Thanks for the bump, Tom!

If anyone would like to chime in with some possibly underrated book about philosophy/sociology/anthropology of CTs, please feel free to chime in here, or over at the Overweening Generalist.

PQ said...

Haven't read it yet but I've come across a book called "Cryptoscatology: Conspiracy Theory as Art Form" by Robert Guffey which sounds very fascinating.

Drew said...

Sounds like a title that would appear in one of Rabelaise parody lists of books.

I have never come across any that are particularly interesting that are not already in the satple conspiracy reading list. There is a book called mimesis: the represtantion of reality in western fiction, this I think has some valuable insights into religious writing, which I think can also be extended to certain conspiratorial musings (I wrote about this a few years ago in a blog post I have now taken down).

Drew said...

I was well sceptical of that books existence. It exists! haha. Nice find.

michael said...

I had never heard of Cryptoscatology and now I must check it out. On Amazon the two blurbs for it are by Jim Marrs and PKD's Tessa. Not sure what to make of it, but it smells like it's not of the R. Hofstadter School.

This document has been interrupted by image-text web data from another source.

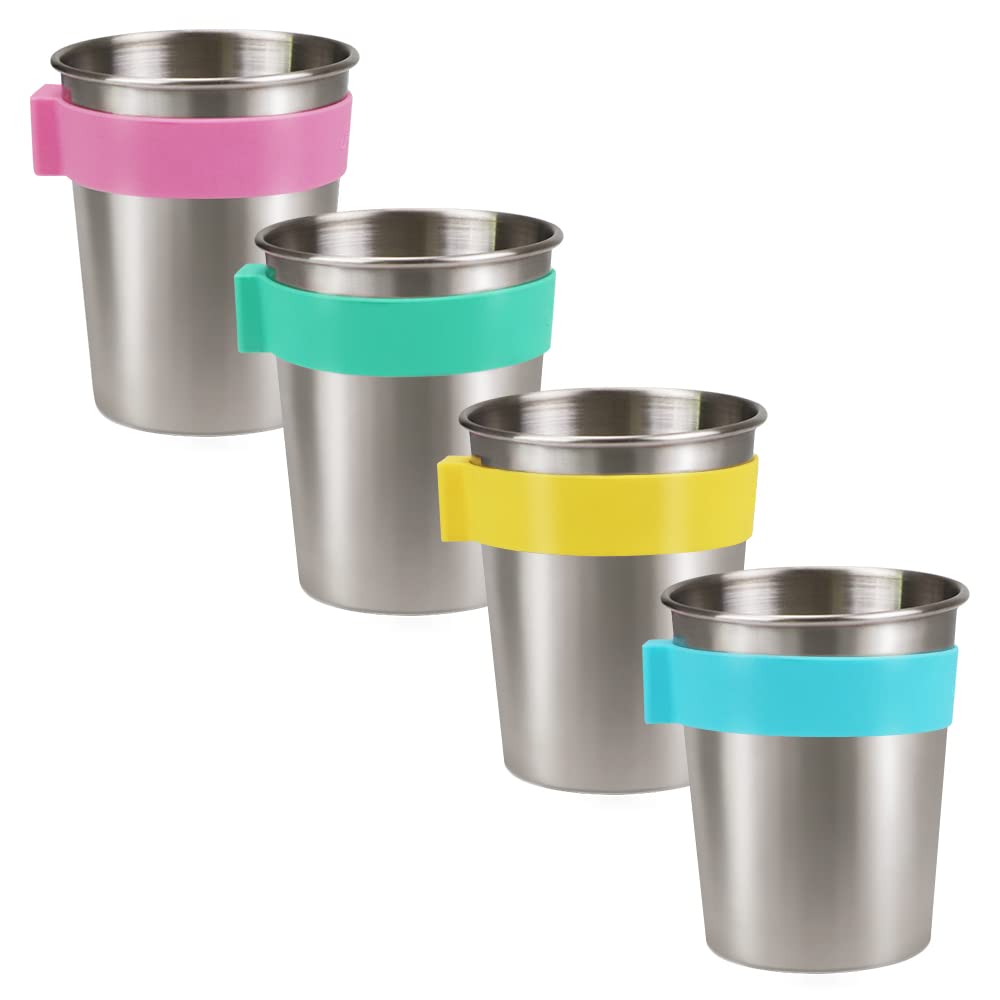 SOPHICO 8oz magnetic hanging cup on fridge for easy, independent access.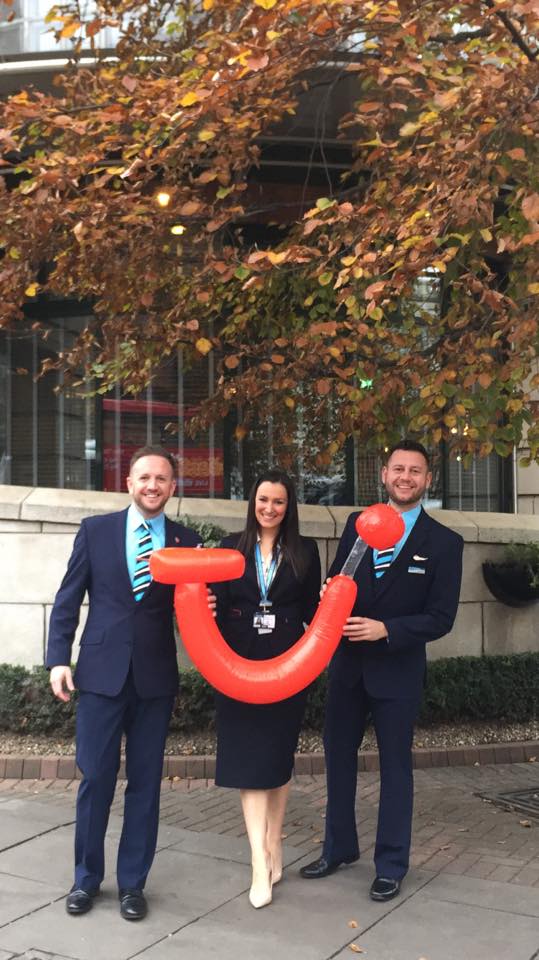 TUICareers's tweet photo. Good morning from the Cabin Crew recruitment team in Belfast #HELLOTUI #FridayFeeling #CabinCrew2018 😀 https://t.co/UA2JsBf9Td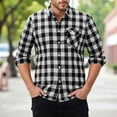 thumbnail image 4 of Tqyyweavej Men's Long Sleeve Shirts Regular Fit Button Down Flannel Shirt Jacket Casual Plaid Shirts with Pocket, 4 of 7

Not that I seek to diss RH. His Paranoid Style is a landmark for a certain rationalistic style of considering CTs, but he's spawned a ton of pretentious academic assholes in his wake.

Drew said...

I agree with your opinion on RH. I disagreed with him about a few things. Maybe pointing out that I thought RAW was the best commentator on these things is redundant, but genuinly I think so, and I think academic world misses out on a lot by ignoring what he writes about. I think they also miss out a lot of RAWs attitude to these things. His humble attitude (though I do not think he was modest). I especially like the fact that he actually explored and practice the occult, because that has so many links with conspiracy theory, its kind of silly to view it as a purely political phenomena. It would also be nice if some kind of hilaritas was brought to bear in the academic world. Much like what is done in a lot of he earlier ETC articles ,during the period before the best writers slowly passed away.